The federal government has stepped up its efforts to boost the number of girls and women studying science, technology, engineering and mathematics (STEM) subjects.
Industry minister Karen Andrews marked International Women’s Day with announcements that build on the government’s 2019 Advancing Women in STEM strategy.
The action plan is focused on three areas:
# Accelerating change through government practices
# leading a data-driven approach
# and embedding a culture of evaluation.
The STEM Equity Monitor brings together data from across government in an interactive digital report to show the current state of STEM gender equity.
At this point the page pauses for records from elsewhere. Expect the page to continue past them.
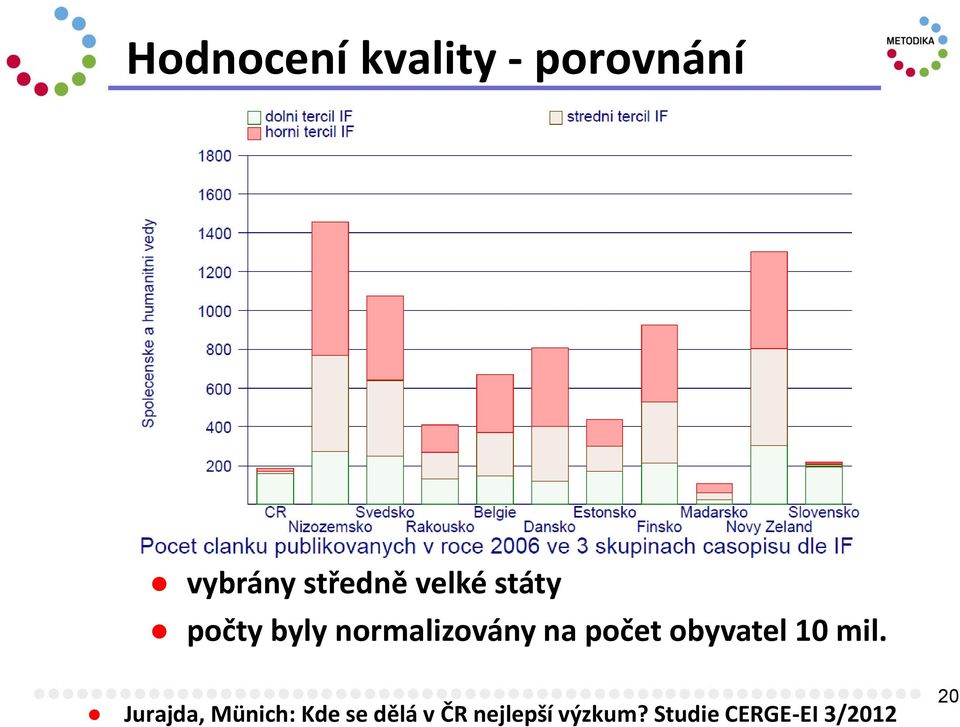 obyvatel 10 mil.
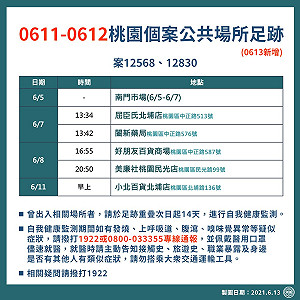 桃園本土今添16例！確診者足跡公布 踏足屈臣氏、美廉社、南門市場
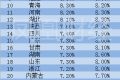 全国31省份2016一季度GDP增速：辽宁首现负增长(表)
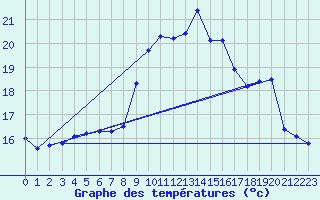 Courbe de tempratures pour Rochefort Saint-Agnant (17)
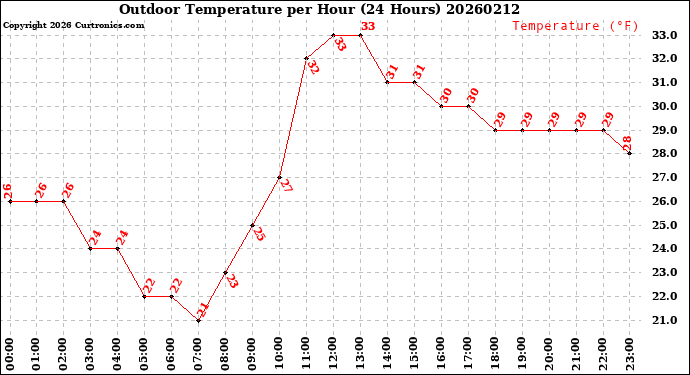 Milwaukee Weather Outdoor Temperature<br>per Hour<br>(24 Hours)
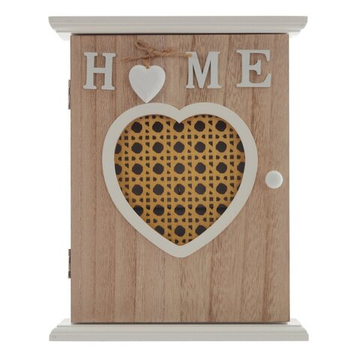 Ключница, Home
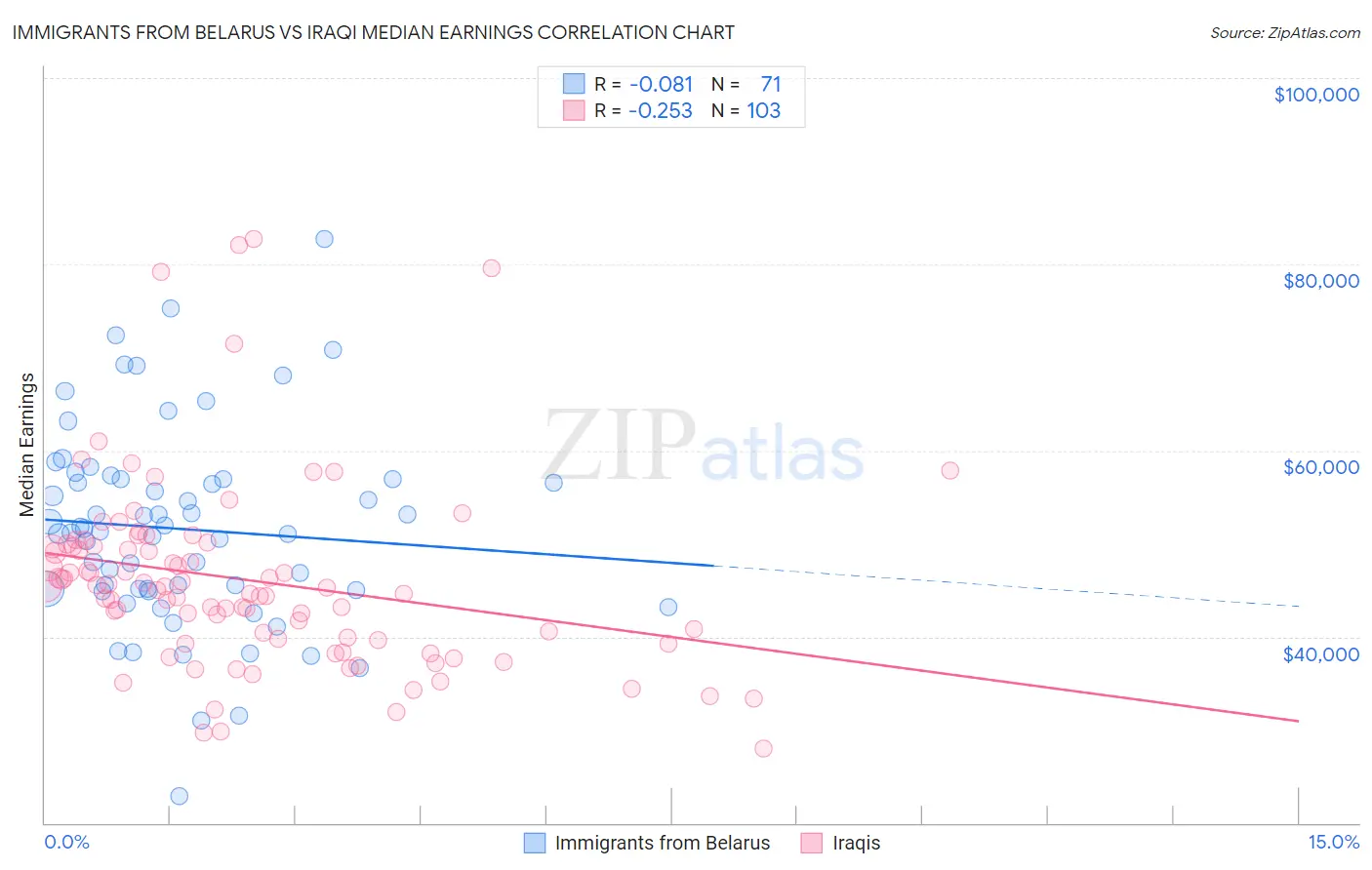 Immigrants from Belarus vs Iraqi Median Earnings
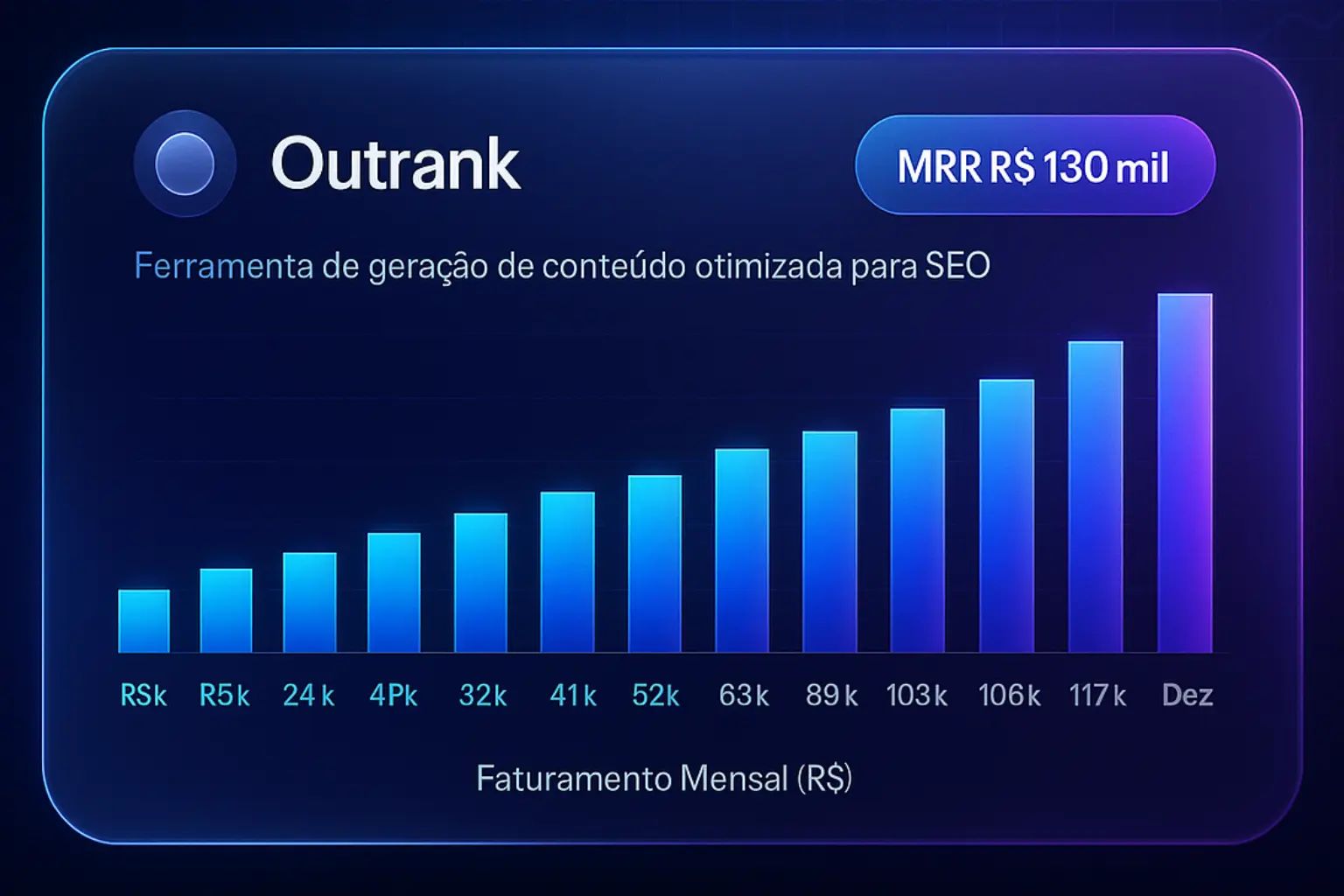 Outrank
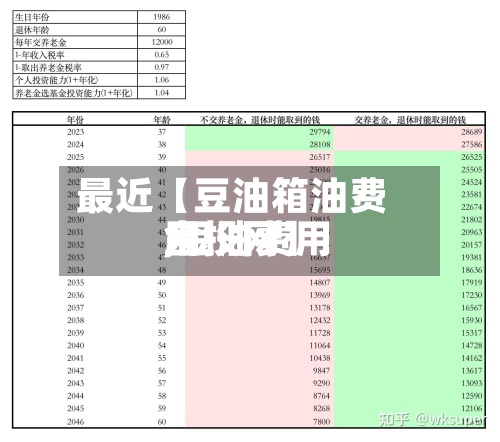 最近【豆油箱油费用,豆油费用金投网】-第2张图片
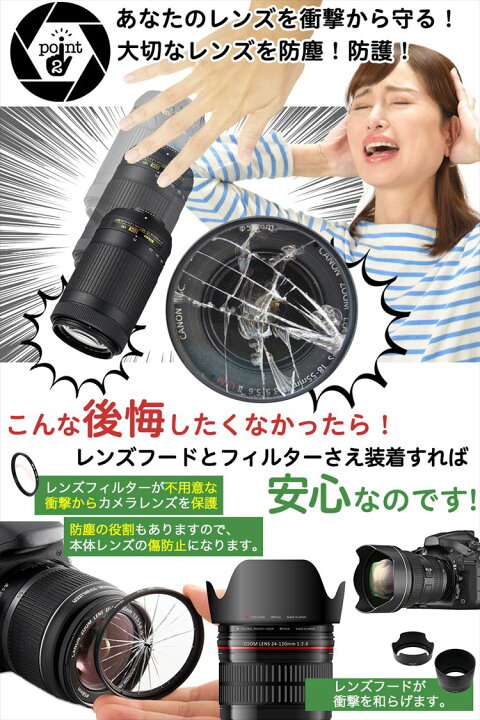 楽天市場】Nikon D3400 D5600 D5300 AF-P ダブルズームキット 用 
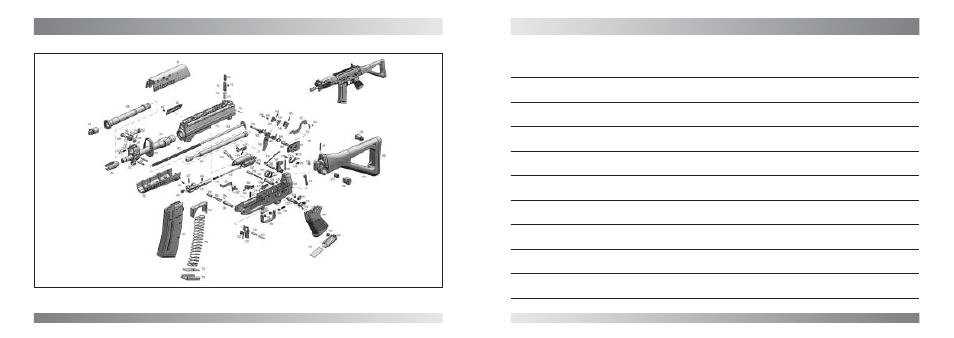 Appendix | SIG SAUER SWISS ARMS SG552 User Manual | Page 31 / 33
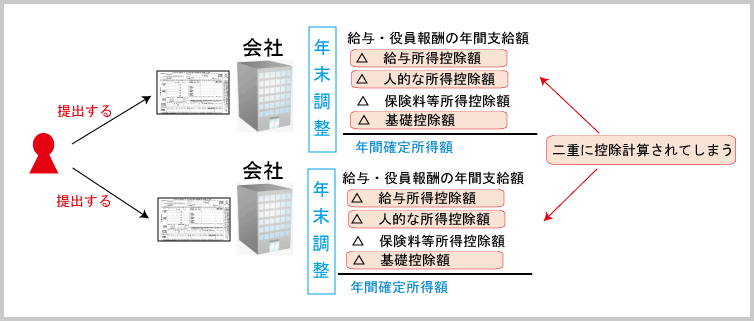 扶養控除等申告書：年末調整時における入手上の注意点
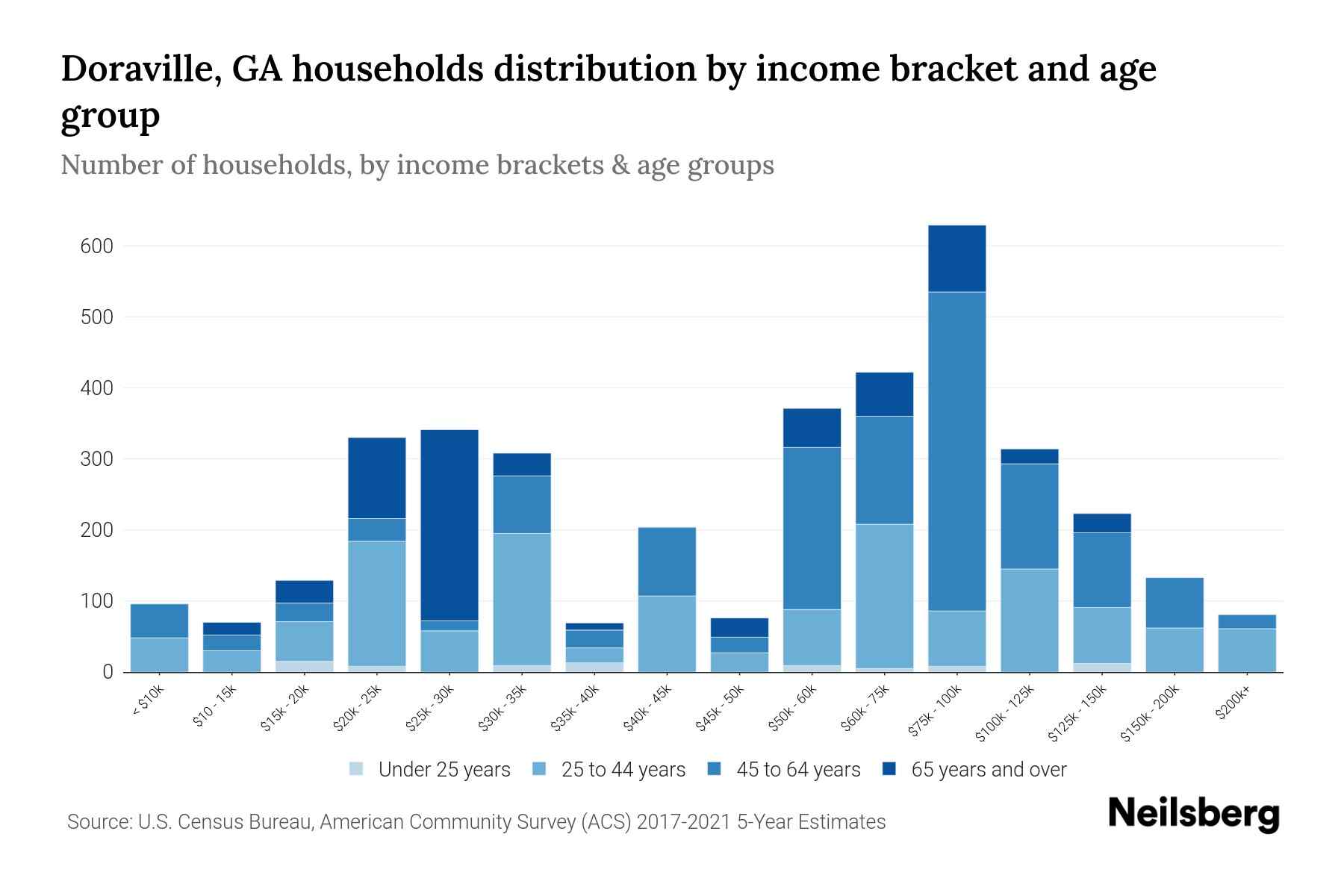 Doraville, GA Median Household By Age 2024 Update Neilsberg
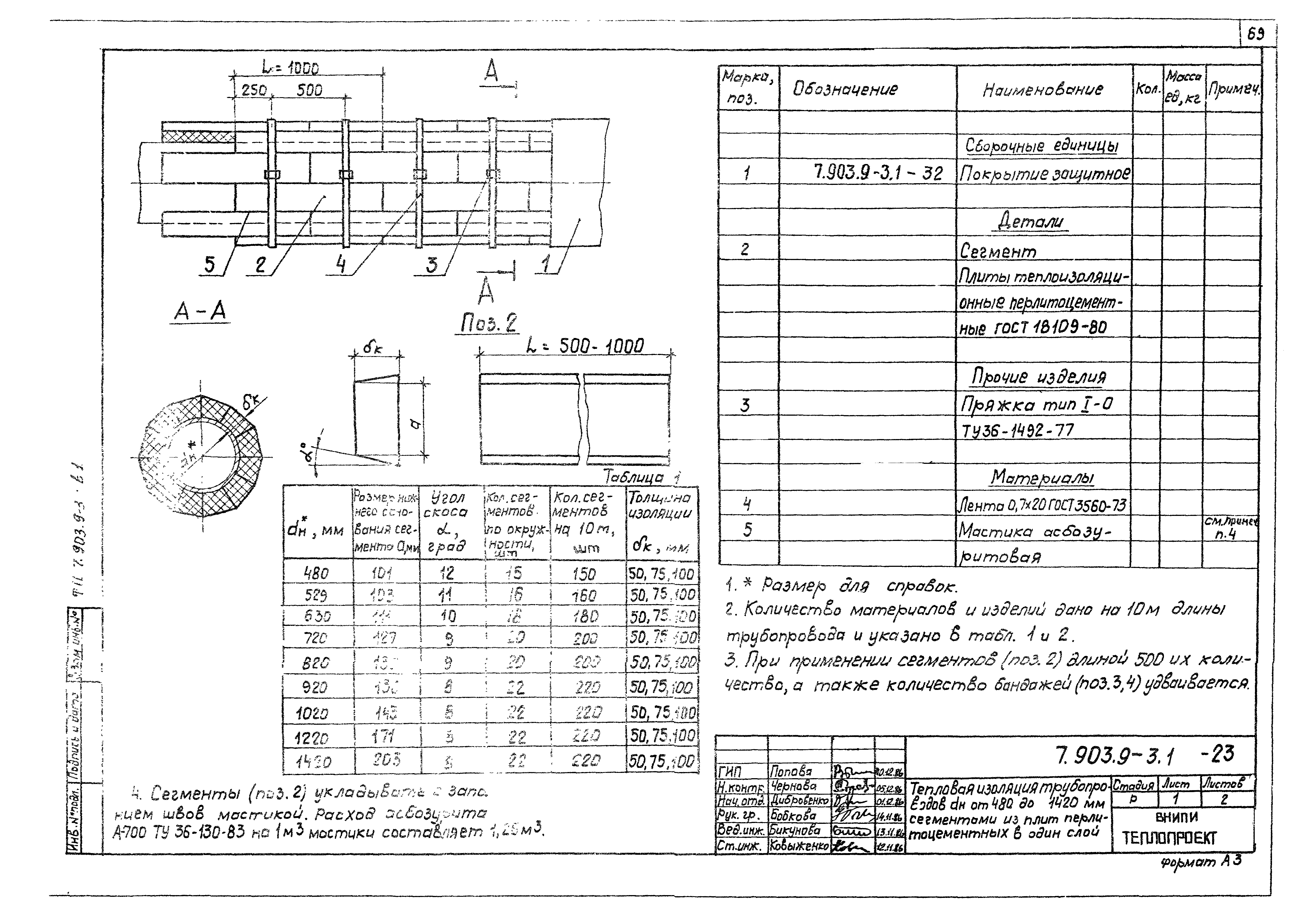 Серия 7.903.9-3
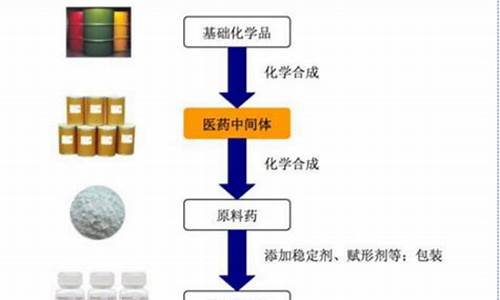 中药提取医药中间体的分类-中药提取医药中间体的分类标准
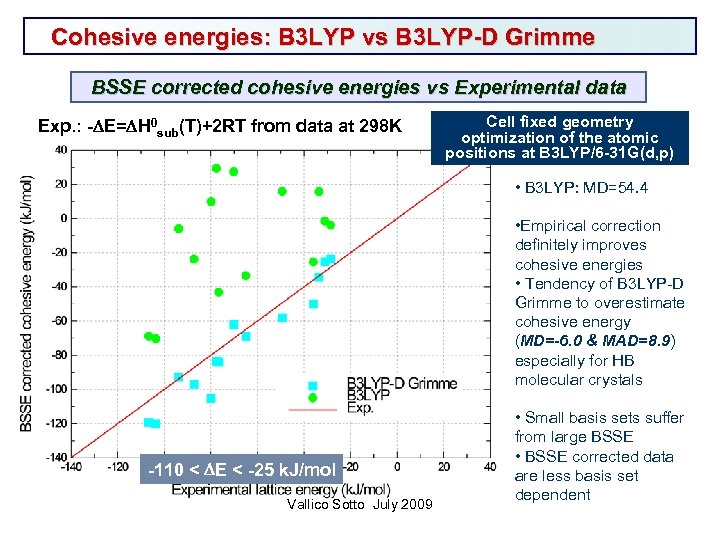 Cohesive energies: B 3 LYP vs B 3 LYP-D Grimme BSSE corrected cohesive energies
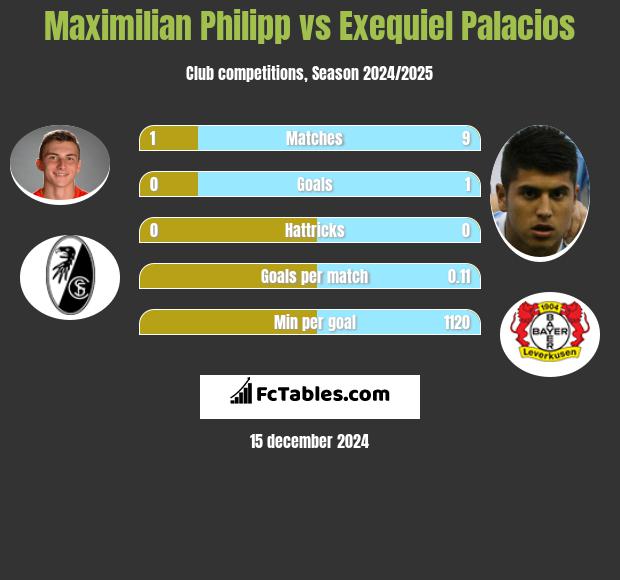 Maximilian Philipp vs Exequiel Palacios h2h player stats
The monitor includes data from primary school to the workforce.
The initiative comes against a backdrop of failure in programmes designed to boost STEM studies in Australia
Figures released by the National Centre for Vocational Education Research (NCVER) show a continuing fall in STEM subject in Australian schools.
In 2018 compared to 2017:
# VET in Schools students decreased by 4.7 per cent
# school-based apprentices and trainees decreased by 8.9 per cent
# students undertaking other VET in Schools programmes decreased by 4.3 per cent.
Andrews said: “Gender equity in STEM and improving participation and opportunities for girls and women in these fields will result in significant social, economic and technological benefits for everyone.
“When it comes to our girls, we need to make sure they’re studying STEM subjects so they can be prepared for the jobs of the future – 75 per cent of which will require those skills.
The latest initiative flows from the government’s Women in STEM Decadal Plan which focused on practices, data and evaluation to ‘achieve real change’.